For king, empire and themselves 2014
Peter Lawrence talk on East Anglian families with influence
Gurney, Barclay, Repton, Fry – some of the East Anglian Family names that have rung down history. Peter painted a picture of their world of endeavour, good fortune and family networking. It was spiced with a soupcon of excess and exploitation, but ended with a legacy that enriches lives.
Mainly Methodist, they moved south to settle in quiet rural villages – West Ham and Walthamstow among them. On the horizon was the City of London, and there, as bankers, they created wealth beyond our dreams. On their rolling estates they threw up country houses to rival royalty and the best in the land.
On the left is Samuel Gurney in 1820.
When they had made their money, spreading across the British Empire they found new ways to become even richer. One family ran the East India Company, to all intents and purposes controlling the whole sub-continent. Others invested in the Caribbean, thinking of cotton but quickly switching to sugar – white gold, it was called. At least one lived a life of excess, lost the family fortune and saw his mansion sold-off as building material. Others employed black slaves brought from Africa.
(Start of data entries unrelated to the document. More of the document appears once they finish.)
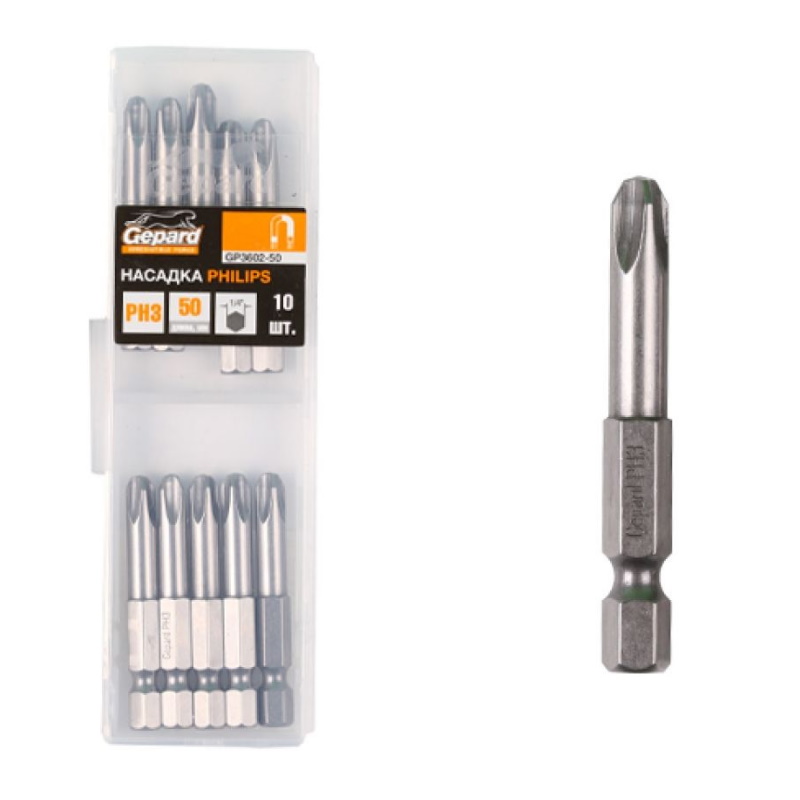 Насадка крестообразная Gepard GP3601-50 PH2 50мм 10шт 459₽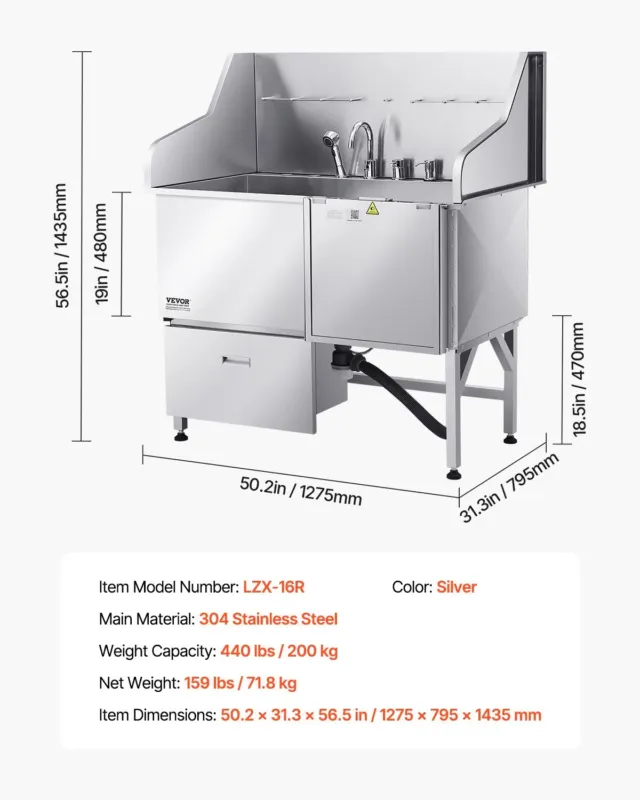 304 roostevabast terasest koerapesujaam, 127 cm, 11 kg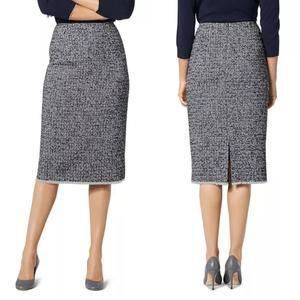 L.K.BENNETT Char Skirt 10 Navy Blue Cotton Tweed Pencil Straight Fringe Lined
Their link with our area? Norfolk was where they holidayed. The entire family, forty plus people not counting their servants; bags, baggage, horses and carriages, all loaded onto trains and transported to Cromer and Runton for picnics on the beach. There are lots of photos and the delightful diary of a daughter who describes a remarkably simple life – playing in the fields, running home for tea, and stories at bedtime.
As London grew the families left their southern estates and moved to their holiday homes and new houses built in Suffolk and Norfolk, where their descendants can still be found. Their grand houses were sold, even destroyed to be replaced by tower blocks and supermarkets. But in between they made sure that something was left for the local people. The City of London now cares for a whole series of lovely parks which were once their gardens. Epping Forest itself was preserved by their generosity.
One man was given a nickname, “The Liberator”, for the leading role he played in ending the slave trade. And then there was Elizabeth Fry, pictured to the left. Not just chocolates, but a lady who devoted her life to helping women in prison and became perhaps the greatest prison reformer we have known.